The drone tracker attempts to locate the drone in the next frame based on its location at the current frame. It searches around the neighborhood of the current drone's position. This helps track a drone in a certain region instead of the entire frame. To achieve this objective, we use the state-of-the-art object tracker called the Multi-Domain Network (MDNet) [16] as the backbone. Due to the fact that learning a unified representation across different video sequences is challenging and the same object class can be considered not only as a foreground but also background object. The MDNet is able to separate the domain-specific information from the domain-independent information in network training.

The network architecture includes three convolution layers, two general fully connected layers and a N-branch fully connected layer, where N is the number of training sequences. To distinguish the foreground and background object in the tracking procedure, each of the last branches includes a binary softmax classifier with cross-entropy loss. As compared with other CNN-based trackers, the MDNet has fewer layers, which lowers the complexity of an online testing procedure and has a more precise localization prediction. During online tracking, the N-branch fully connected layer is replaced by a single-branch layer. Besides, the weights in the first five layers are pretrained during the multi-domain learning, and random initialization is exploited to the weights in the new single-branch layer. The weights in the fully connected layer are updated during online tracking whereas the weights in the convolutional layers are frozen. Both the general and domain-specific features are preserved in this strategy and the tracking speed is improved as well.

To control the tracking procedure and weights update, long-term and short-term updates are conducted, respectively, based on length of the consistent positive examples intervals. Besides, hard negative example mining [30] is performed to reduce the positive/negative example ratio and improve the binary classification difficulty to make the network more discriminative. Finally, bounding box regression is exploited to adjust the accurate target location.

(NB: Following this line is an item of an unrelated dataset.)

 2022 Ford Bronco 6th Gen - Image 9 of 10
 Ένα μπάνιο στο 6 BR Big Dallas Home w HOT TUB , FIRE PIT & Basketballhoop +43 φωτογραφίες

To improve the tracking performance furthermore, we propose a video pre-processing step. That is, we subtract the current frame from the previous frame and take the absolute values pixelwise to obtain the residual image of the current frame. Note that we do the same for the R,G,B three channels of a color image frame to get a color residual image. Three color image frames and their corresponding color residual images are shown in Fig. 9 for comparison. If there is a panning movement of the camera, we need to compensate the global motion of the whole frame before the frame subtraction operation.

Fig. 9. Comparison of three raw input images (first row) and their corresponding residual images (second row).

Since there exists strong correlation between two consecutive images, most background of raw images will cancel out and only the fast moving object will remain in residual images. This is especially true when the drone is at a distance from the camera and its size is relatively small. The observed movement can be well approximated by a rigid body motion. We feed the residual sequences to the MDNet for drone tracking after the above pre-processing step. It does help the MDNet to track the drone more accurately. Furthermore, if the tracker loses the drone for a short while, there is still a good probability for the tracker to pick up the drone in a faster rate. This is because the tracker does not get distracted by other static objects that may have their shape and color similar to a drone in residual images. Those objects do not appear in residual images.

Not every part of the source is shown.